How do you assess the dynamics of the Norwegian market when it comes to access to innovation, pricing, clinical trial enrollment and so on?

This is an important topic. The approval process for new medicines takes longer in Norway than European benchmarks and it is one of our key objectives, together with our local pharma association LMI, to improve this KPI so that Norwegian patients can benefit from earlier access to new treatments and medicines.

At the same time, as an industry, we are one of the parties in the health sector, and together with the public health services we share the goal of providing good treatment to patients. We will continue to work with health authorities to help them be confident that they are receiving the best service and value for the money spent.

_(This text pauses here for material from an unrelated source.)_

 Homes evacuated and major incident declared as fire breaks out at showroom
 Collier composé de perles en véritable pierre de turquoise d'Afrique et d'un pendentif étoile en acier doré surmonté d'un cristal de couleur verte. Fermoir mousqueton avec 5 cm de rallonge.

When it comes to clinical trials, the unfortunate fact is that they have been declining in number in Norway over the past decade. This affects patient access to innovative treatments. I believe we should work together with all stakeholders to increase the clinical trial capacity and capabilities in Norway. This would help patients access novel medicines at an early stage, lower costs for the health system, and generate opportunities to create more value in Norway. Algeta, for instance, began with clinical trials in Norway before building up manufacturing for clinical supply and ultimately developing and establishing commercial production in the country for the worldwide market.

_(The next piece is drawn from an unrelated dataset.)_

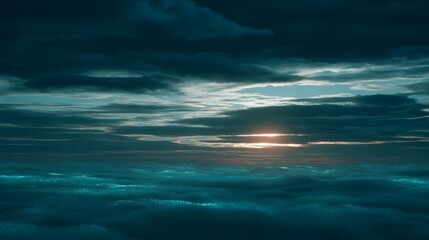 Dramatic sunset viewed through dark heavy clouds over a textured deep blue ocean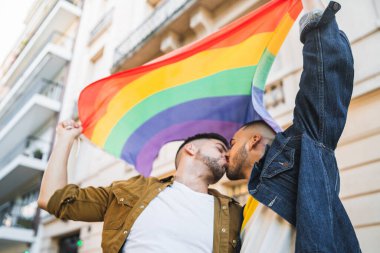 Sokakta gökkuşağı bayrağıyla kucaklaşan ve sevgilerini gösteren genç eşcinsel çiftin portresi. LGBT ve aşk konsepti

In our opinion, the hospitals and clinics should increase the resources and infrastructure dedicated to managing clinical trials, and companies have to start the necessary dialogue sufficiently early so that clinical trials can be conducted in Norway. There needs to be a common vision within the whole ecosystem. For instance, as a country with a relatively small population, I think it is important that Norway focuses on attracting early-stage clinical trials so we can be involved as early as possible within the drug development cycle and production for clinical supplies.

 

How has the Bayer Norway affiliate performed in 2019 and what are your expectations for 2020, which has been a really unusual year?

We saw positive growth in 2019 and we had a good start to the first half of 2020. However, the second half of the hear has been more challenging, partly driven by the very complex situation created by the COVID-19 pandemic.

Looking forward, we are very excited about Bayer’s innovative portfolio, and with Norwegian glasses, especially within radiopharmaceuticals, where Bayer is definitively the world leader in alpha-emitters. We expect growth and we hope to contribute significantly to the global Bayer oncology franchise with more successes like XOFIGO® in the future. We are also investigating this product with regard to more indications in clinical trials

In other areas, we also have novel therapies we are excited to bring to Norway such as a product for chronic heart failure, which received US FDA Priority Review designation in July 2020; and our new prostate cancer drug and the gene fusion cancer medicine approved by the EMA earlier this year.

Therefore, moving into 2021 and beyond, we will be preparing for new product launches. Thankfully, we have been able to attract the necessary talents with the right competences for our growth strategy, including international talents. Bayer Norway actually employs staff of over 17 different nationalities on our site, which we are quite proud of.

 

Having worked across the Norwegian pharma industry for over 30 years, where do you think Norway’s strength in pharma innovation lies?

Besides the global players and start-ups that exist in radiopharmaceuticals, we have a lot of excellent research, experts, and innovation within the field of cancer. Norway also has a high number of start-ups focusing on cancer, especially immunotherapy, there is a robust VC ecosystem here, as well as high-quality institutions like the Radiumhospitalet, the University of Oslo, and the Oslo Cancer Cluster. I hope that we can maximize Norway’s innovation potential in cancer treatments and build on the novel research in neuroscience and the Nobel Prizes awarded to Dr May-Britt Moser and Dr Edvard Moser.